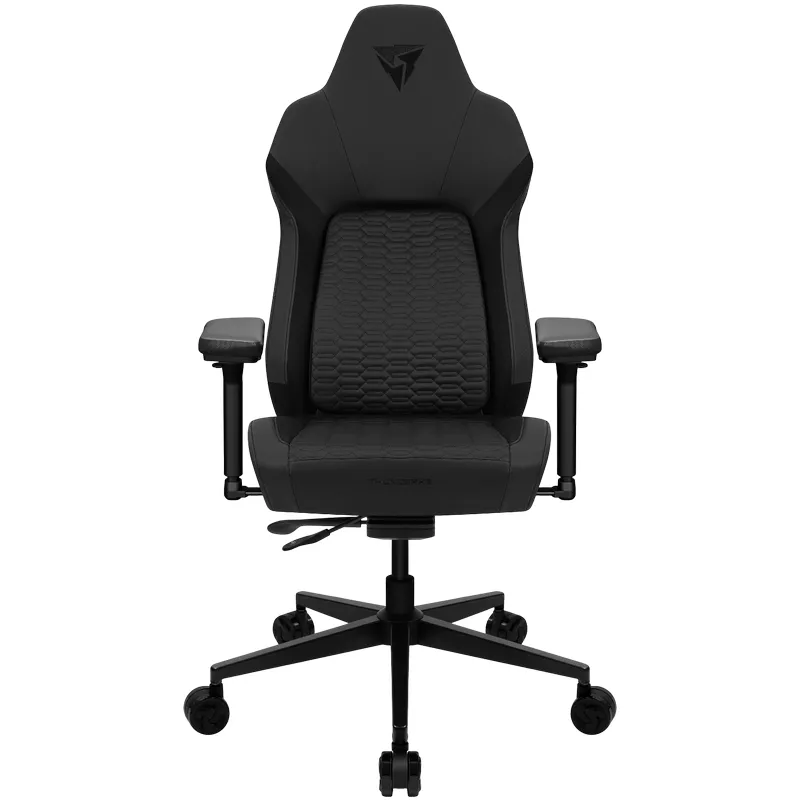 Игровое геймерское кресло ThunderX3 Ergonomic Gaming Chair ThunderX3 CORE SMART Racer Black, User max load up to 150kg / height 170-195cm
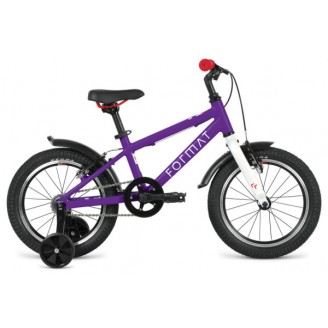 Format kids 16 тёмно-фиолетовый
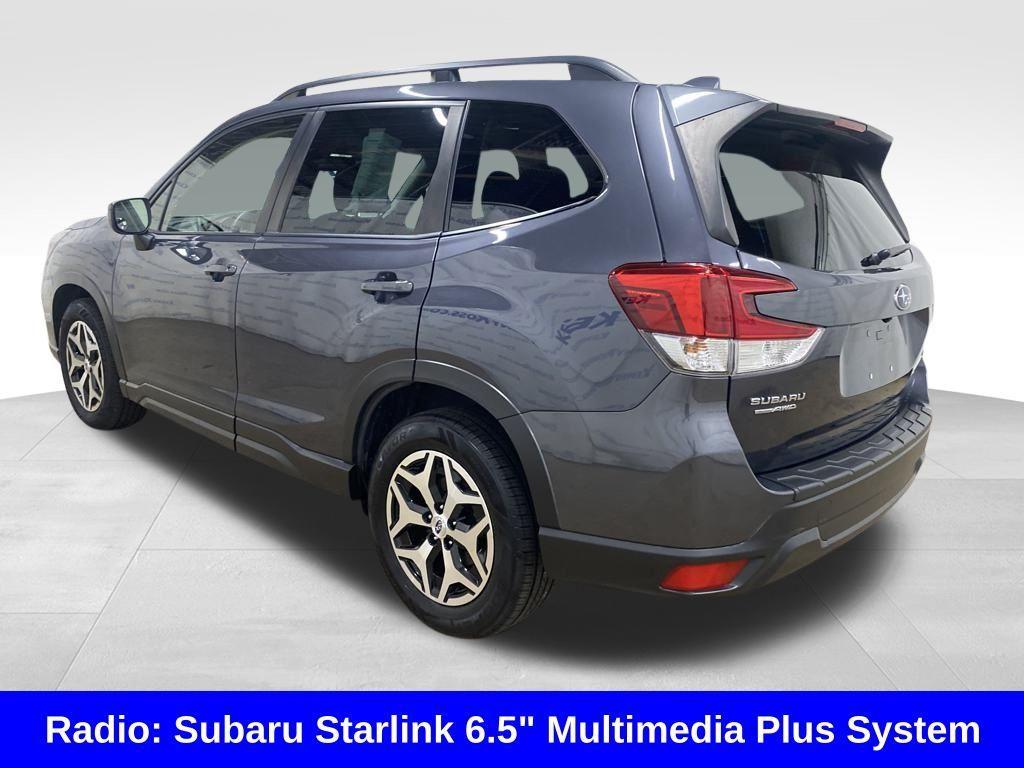 used 2021 Subaru Forester car, priced at $24,513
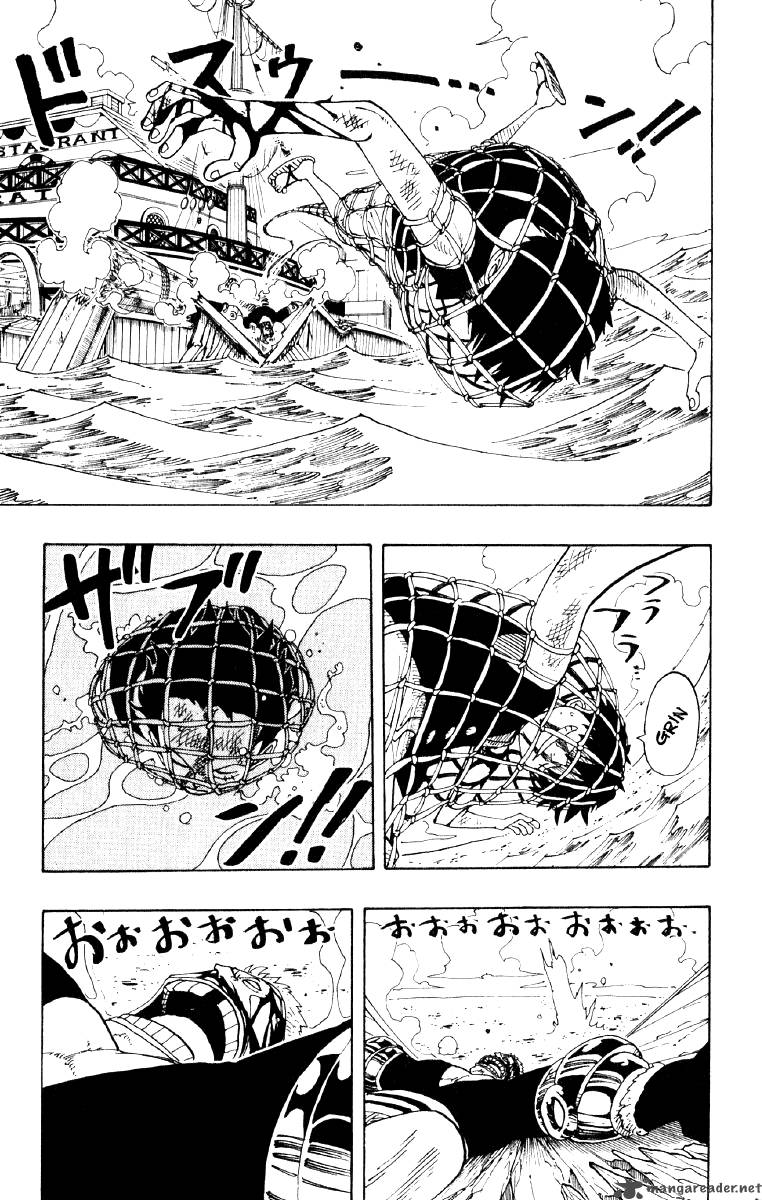 One Piece Chapter 66 page 12 - Chapter 66: The Spear Is Stifled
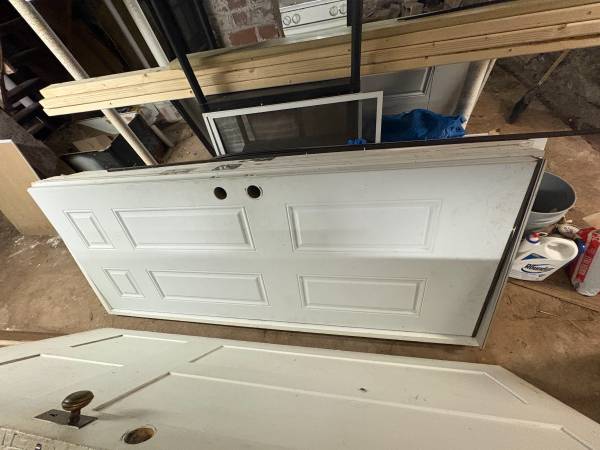 Doors - 20 min fire rated 1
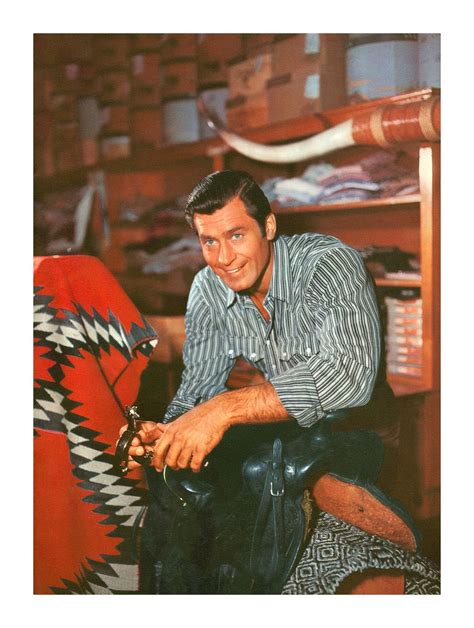 Clint Walker Actor Photos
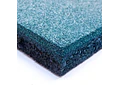 1 Mt² Piso de Caucho 50x50 cms  x 20 mm  SBR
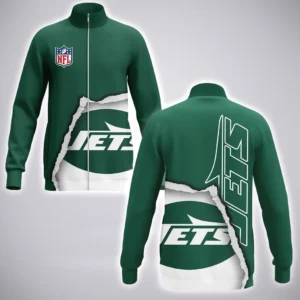 Sport Fan Gift Stand Collar Jacket For Sport Lover HVN1269NJ090925SCJ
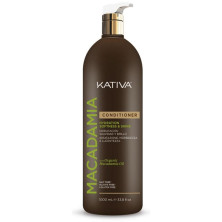 Kativa Macadamia Hydrating Conditioner 1000Ml
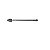 BARRA AXIAL HYUNDAI SONATA93/98, SANTA FÉ(MACHO) - BD-6034-R - Imagem 1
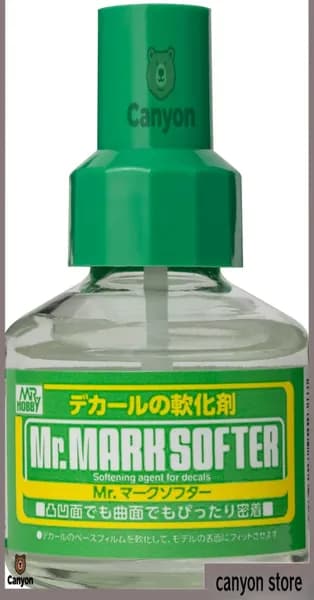 MR.HOBBY Растворитель для краски/ 130 г.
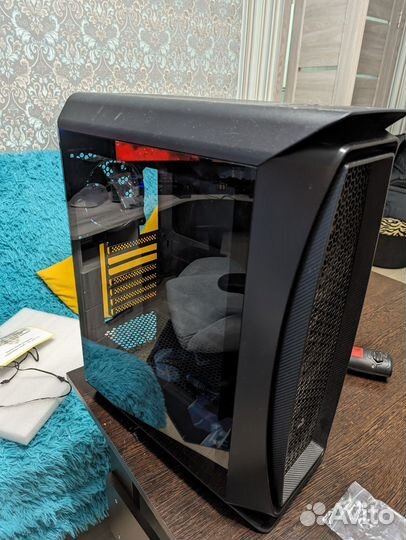 Корпус Aerocool Eclipse
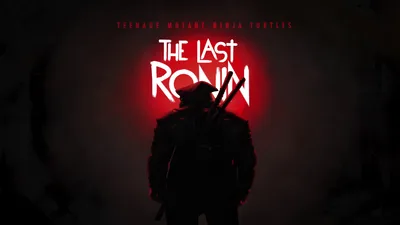 TMNT The Last Ronin Dark Teaser 8K - free gaming wallpaper 7680×4320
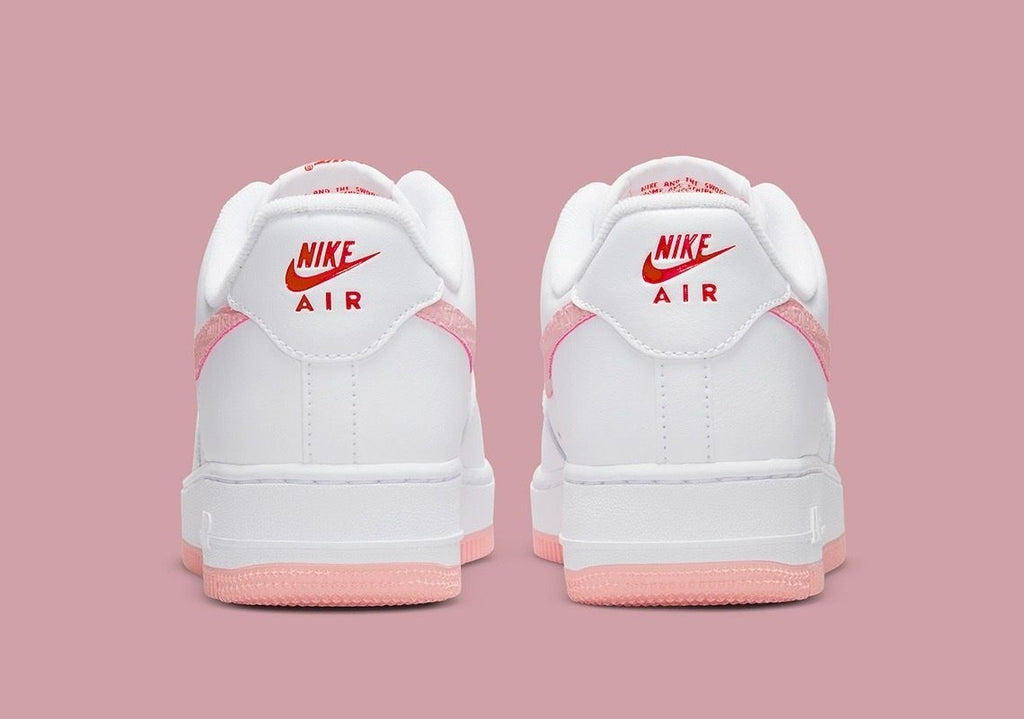 Nike Airforce 07 pink
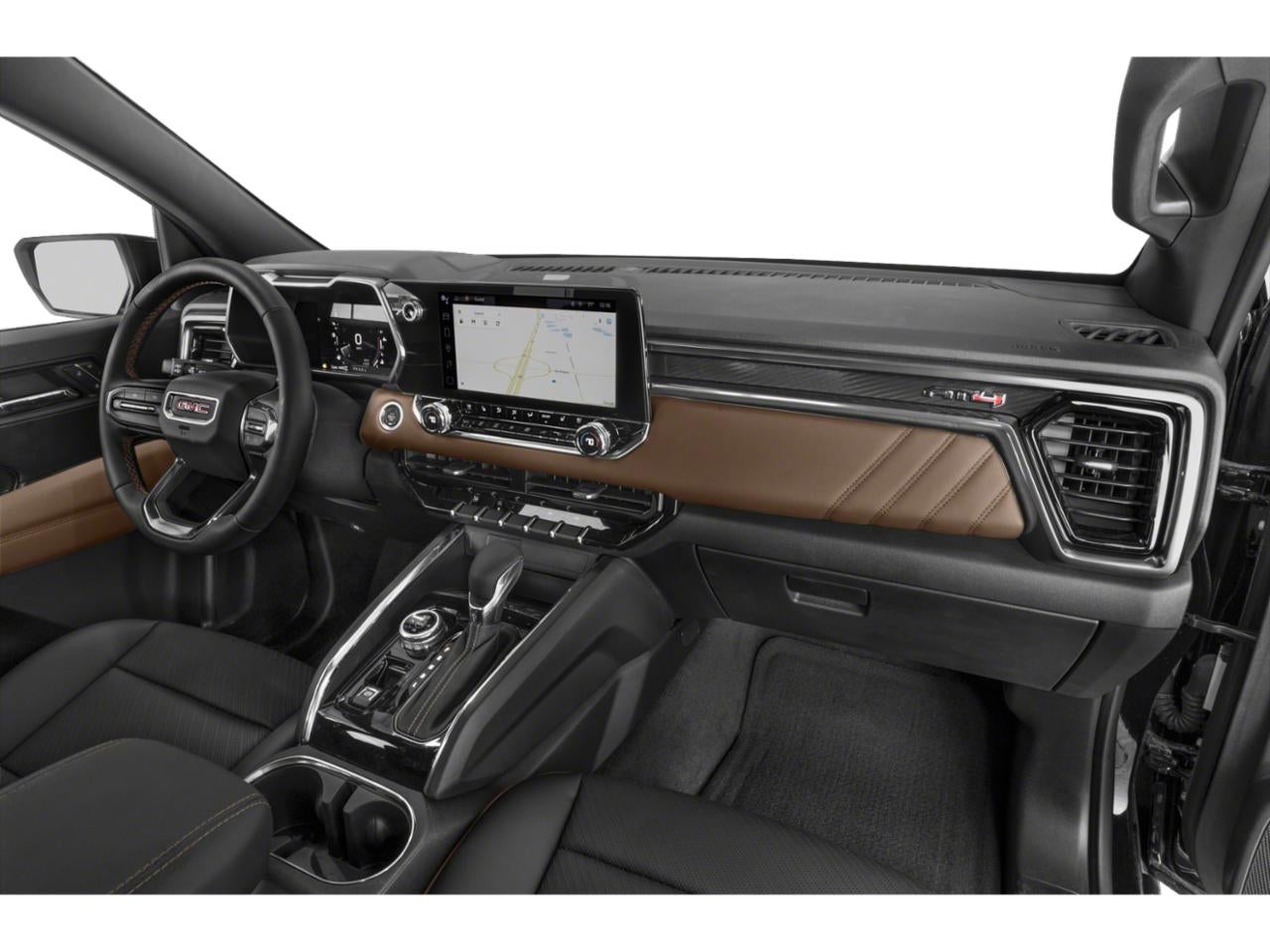 2023 GMC Canyon 4WD AT4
----
• ABOUT THIS EXERCISE
Your answer must be the lines from the one containing "Корпус Aerocool Eclipse" through the last line of the listing above, restated word for word, with no pictures.

• YOUR RESPONSE
 Корпус Aerocool Eclipse
 TMNT The Last Ronin Dark Teaser 8K - free gaming wallpaper 7680×4320
 Nike Airforce 07 pink
 2023 GMC Canyon 4WD AT4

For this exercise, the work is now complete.